:: Assignment ::
Below is a listing. Set down exactly the lines from the one containing "逻科斯考研：报录比！浙江工业大学25考研拟招生人数" through the one containing "Supply Chain &", both ends included, and leave out the rest.

:: Input material ::
--
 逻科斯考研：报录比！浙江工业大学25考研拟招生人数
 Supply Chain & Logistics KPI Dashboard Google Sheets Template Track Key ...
--
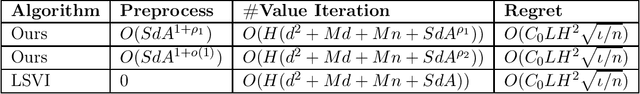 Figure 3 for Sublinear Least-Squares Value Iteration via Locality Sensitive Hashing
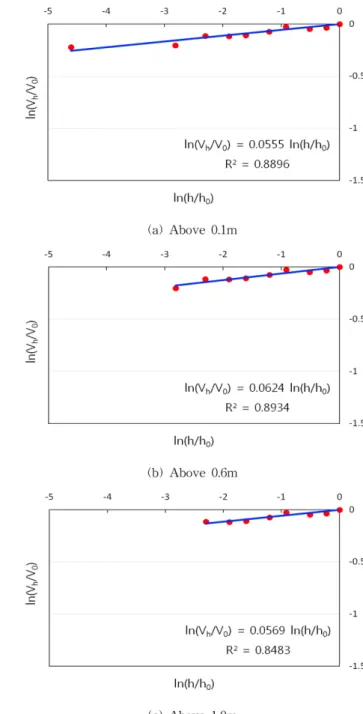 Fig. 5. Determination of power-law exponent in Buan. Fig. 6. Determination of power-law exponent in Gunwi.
--
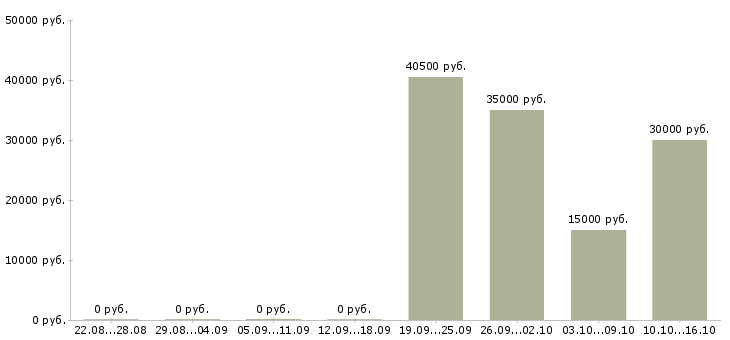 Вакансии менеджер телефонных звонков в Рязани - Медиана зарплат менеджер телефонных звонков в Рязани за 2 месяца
--
:: Your solution ::
 逻科斯考研：报录比！浙江工业大学25考研拟招生人数
 Supply Chain & Logistics KPI Dashboard Google Sheets Template Track Key ...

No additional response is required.